The attorney for Daniel Pantaleo, the NYPD officer who was cleared in the chokehold death of Eric Garner, tells NBC 4 New York the cop is “cautiously optimistic” about his future after clearing a major legal hurdle this week, though many challenges remain ahead.
Attorney Stuart London spoke to NBC 4 New York Thursday shortly before the union that represents NYPD officers came to his client's defense in a fiery press conference amid ongoing citywide fallout over Wednesday's grand jury decision.
“He is relieved but understands that phase one is over and he needs to go through the scrutiny of an internal affairs investigation as well as a federal probe,” London said. “So he’s cautiously optimistic going forward.”
In delivering a vote of "no true bill," the Staten Island grand jury determined there was not probable cause that a crime was committed by Pantaleo, who was seen on a widely watched amateur video wrapping his arm around Garner's neck as the heavyset, asthmatic 43-year-old yelled, "I can't breathe!", nearly a dozen times while gasping for air during the July 17 confrontation.
Garner's family has said that amateur video, along with the medical examiner's autopsy report, which ruled the man's death a homicide, should have been sufficient evidence to indict. But London says the video is just a snapshot of the altercation and "doesn’t show everything."
London said the widely circulated video doesn’t show the full conversation between Pantaleo and the other officers who responded after Garner was caught selling loose, untaxed cigarettes outside a Tompkinsville store. The video also doesn't show, London said, that Pantaleo waited for reinforcements before using a police tactic the officer and the Patrolmen's Benevolent Association have said is not a chokehold, which is forbidden under NYPD policy, but a legal takedown move taught by the police department.
London said the grand jury reviewed two other videos in addition to the amateur clip that Pantaleo explained in great detail.
“He was able to explain every inch of the video and they went through it in excruciating detail,” London said. “The grand jurors were able to have any confusion in their minds answered by him.”
In New York, the grand jury does not hear opening or closing statements from the district attorney, who simply presents evidence and instructs them on the relevant principles of the law they need to make their decision on whether charges should be filed. To formally charge a person with a crime, at least 12 grand jurors who have heard all the evidence and the legal instructions must agree that there is sufficient evidence and reasonable cause to believe a crime was committed.

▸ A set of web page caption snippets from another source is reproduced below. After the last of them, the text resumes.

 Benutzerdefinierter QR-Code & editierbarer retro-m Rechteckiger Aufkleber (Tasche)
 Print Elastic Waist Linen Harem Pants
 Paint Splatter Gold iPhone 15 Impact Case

Staten Island District Attorney Daniel Donovan submitted an application to the court Wednesday seeking authorization to publicly release specific elements of the grand jury proceedings, which are otherwise sealed by law.
In a ruling released Thursday, Supreme Court Justice Stephen Rooney found in Donovan's favor, writing that, "It is from this vantage point that a limited incursion into the sacrosanct principle of grand jury secrecy is deemed necessary to serve overarching public interest."

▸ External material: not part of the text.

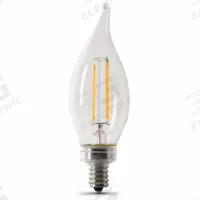 FEIT ELECTRIC Compact LED Bulb: Candelabra Screw (E12), LED, (BA) Bullet Angled, BA10, 5.5 W Watt (MPN BPCFC60927CAFIL/4). Key specifications — Bulb Shape: BA10; Voltage: 120V AC; Bulb Finish: Clear; Color Temperature: 2700K; Brand: FEIT ELECTRIC.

The information released to the public, however -- that the grand jury sat for nine weeks, heard from 50 witnesses, including 22 civilians, saw 60 exhibits, including four videos, Garner's medical records, scene and autopsy photographs and documents pertaining to NYPD training and policy -- provides little additional insight into the proceedings.

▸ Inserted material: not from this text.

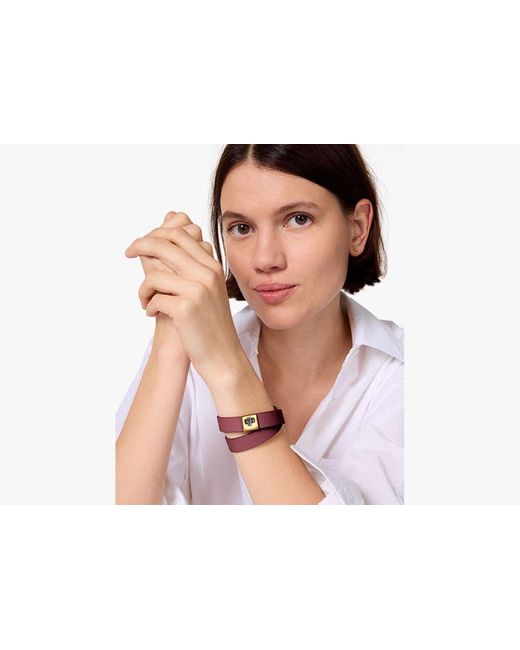 Kate Spade Red Phoebe Leather Double Wrap Bracelet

It wasn't clear if Donovan had asked for the release of other information, and Rooney's decision indicated the application he had submitted to the court would remain sealed "until further order."
Patrolmen's Benevolent Association President Pat Lynch defended Pantaleo's handling of the arrest at a press conference Thursday, accusing Mayor de Blasio and other public figures of not supporting the NYPD. He said that Pantaleo is a good cop and "literally an Eagle Scout."
"He's not being portrayed as a good man, but he is a good man and a professional police officer," Lynch said. "Mr. Garner made a choice to resist arrest. It was not a good choice."
"If you're speaking you can breathe," Lynch added, referring to Garner's cries as he struggled for air.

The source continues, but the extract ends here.